中根:それはオレと一緒だ(笑)。オレも料理するのは好き。でも片づけるのは苦手。

岡本:面倒くさいですしね。あと、地方にもいろいろ行って、そこでおいしいものも結構食べているじゃないですか。だから、もつ鍋とかしゃぶしゃぶとかをメインにして、おいしいものをお店で出せたらな、と思って始めました。

中根:もつ鍋に決めようと思ったのは、なんで。

岡本:それは単純に、もつ鍋が好きだったから。それと、豚しゃぶも好きだったんで、それもやってみようということでやっています。

中根:自主トレの時から、もつ鍋とかやっていたの。

岡本:もつ鍋はやっていないですね。でもいろいろな鍋をやっていました。

中根:自主トレは何人くらいでやっていたの。

岡本:いつも3人だったですね。平井正史と清水将海。清水は料理がうまくないんですが、平井は漁師の息子だけあって、魚を普通に下ろせますからね。ナメロウとか作って、ご飯にかけて食べたり。知り合いから肉の塊から10キロくらい送られてきて、どうするんだよ。焼いて食べても、あまる。どうしようと、次はハンバーグ。A5ランクの肉を,叩いて、ハンバーグにして、食べた。

中根:すげえ(笑)。最高級のハンバーグだ。 

岡本:そんな感じで料理していました。僕の実家、日本海側なんで、カニが送られてくるんですよ。それをちゃちゃっとさばいて、しゃぶしゃぶにして食べたりしていました。

中根:すごい豪勢な食事だなあ。

岡本:はい、だから自主トレやっていても、やせないです(笑)。

ファンの方は現役を辞めた今でも応援を続けてくれている

中根:じゃあ、改めて料理学校言って習ったとか、そういうのはないの。

岡本:行っていないですね。2週間だけ、知り合いの名古屋のお店で働いて、そこの社長が、できるようになったんだから、あともう自分で考えてアレンジしたら、もういいよと。本当はもう少し見習いで働かせてもらうつもりだったんですけれど、

中根:実際に店をやってみて、現役時代と比べて、どこが一番変わった、と思いますか。

岡本:お客さんあっての商売なんで、すごく言葉使いに気を付けるようになりました。野球の世界は上下関係も厳しく、先輩に対しての接し方などは気を付けていましたが、お店を始めて、お客様に対しての接し方、話し方など、特に気を使うようになりましたね。野球やっているとき、特に一軍でバンバン投げているときは、お山の大将でしょ。敬語なんて、使わない。自分より年下の方に敬語を使うことはほとんどありませんでしたが、今は年齢など関係なくお客様に対しての言葉使いなどは普段から気を付けています。

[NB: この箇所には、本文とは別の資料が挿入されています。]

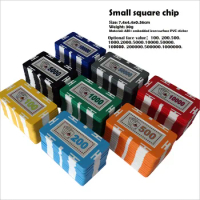 10pcs/lot Square Poker Chips Casino Games Quality ABS+Iron Bargaining Chip Baccarat Mahjong Solitaire Game Rectangular Clay Chip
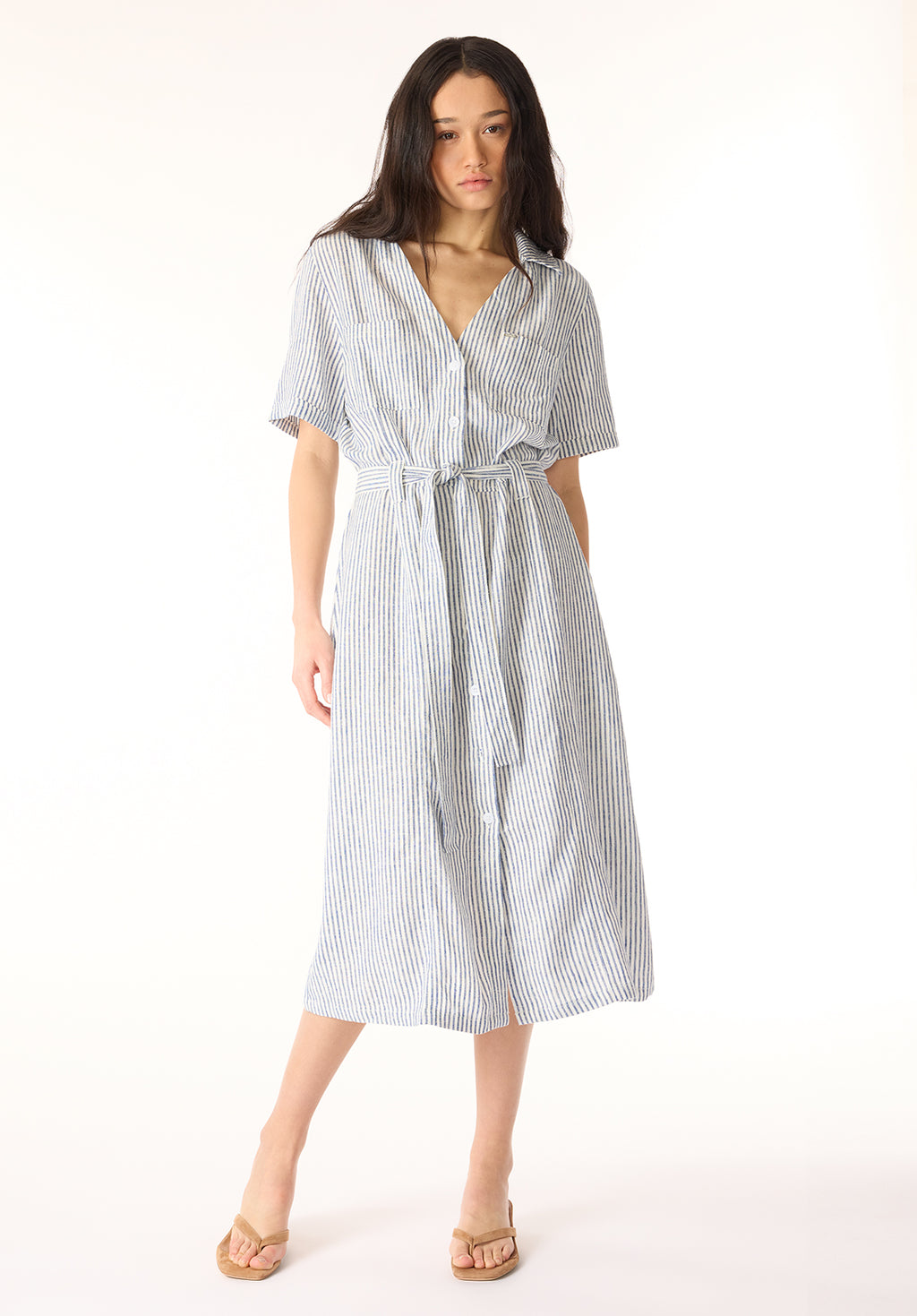 Buffalo Jeans Women's Carlene Short Sleeve Belted Button Front Striped Midi Dress, Navy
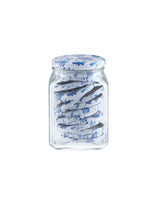Square Glass Food Storage Jar with Blue Floral Design - 1600 ml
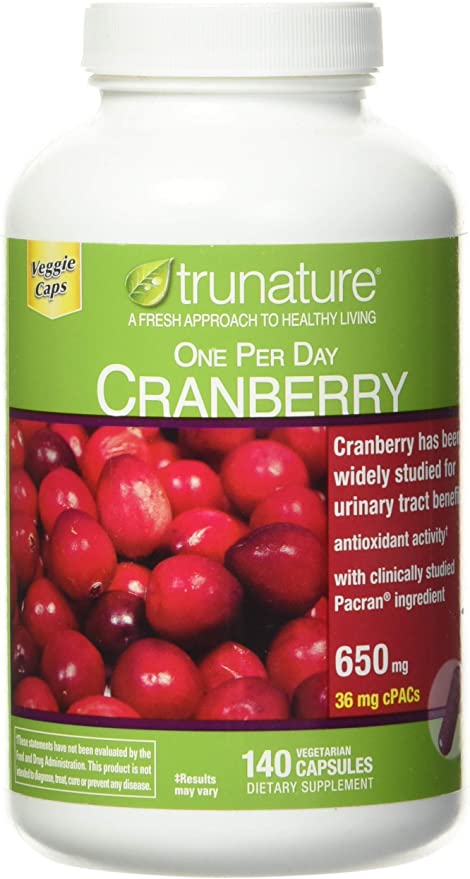 Trunature One Per Day Cranberry 650 mg, 140 Vegetarian Capsules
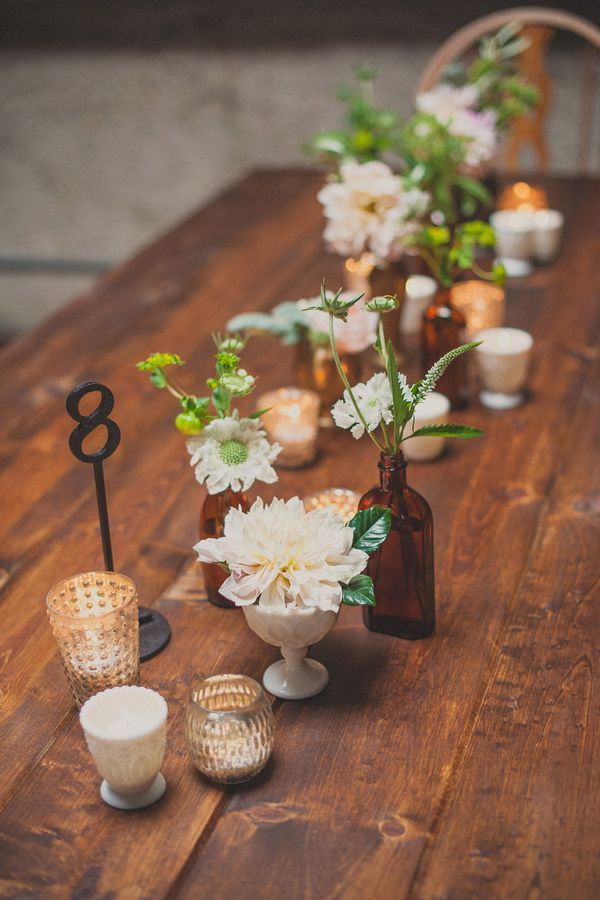 simple and elegant rustic wedding tablescape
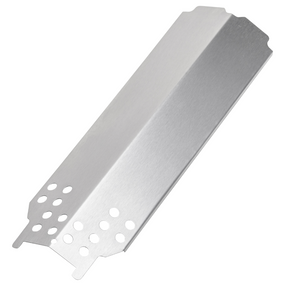 Stainless steel grill heat plate with vent holes, angled design for even heat distribution and protection.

中根:初めてだから、やはり、いろいろわからないこととか、あるよね。

岡本:店がオープンして、初めの頃は本当に難しかったですね。食材を仕入れて、仕込んで量が合わなくて捨てる。という状況が続きました。自分がイメージしてこれくらいお客様が来るだろうと思っていた部分と大きなギャップがありました。お昼でも、これくらい来るだろうと見込んで準備していても、お客さんの注文が全然違っていたり。だから、せっかく準備していても、捨てる。その繰り返しでした。まあ、それは今でもあるんですけれど、そこのところロスが、少なくなりましたね。


本場関西から仕入れているこだわりのカレーうどん

中根:今もファンの方がお店に来られたりもするの?

岡本:西武が仙台に遠征に来ると、西武ファンの方は本当にたくさん来てくれています。ありがたいですね。交流戦の時には中日ファンの方も来てくれたし、本当に、店からあふれるくらいに入ってくれることもあります。店が閉まるまでいてくれるので、時々、そのまま一緒に飲むこともあります。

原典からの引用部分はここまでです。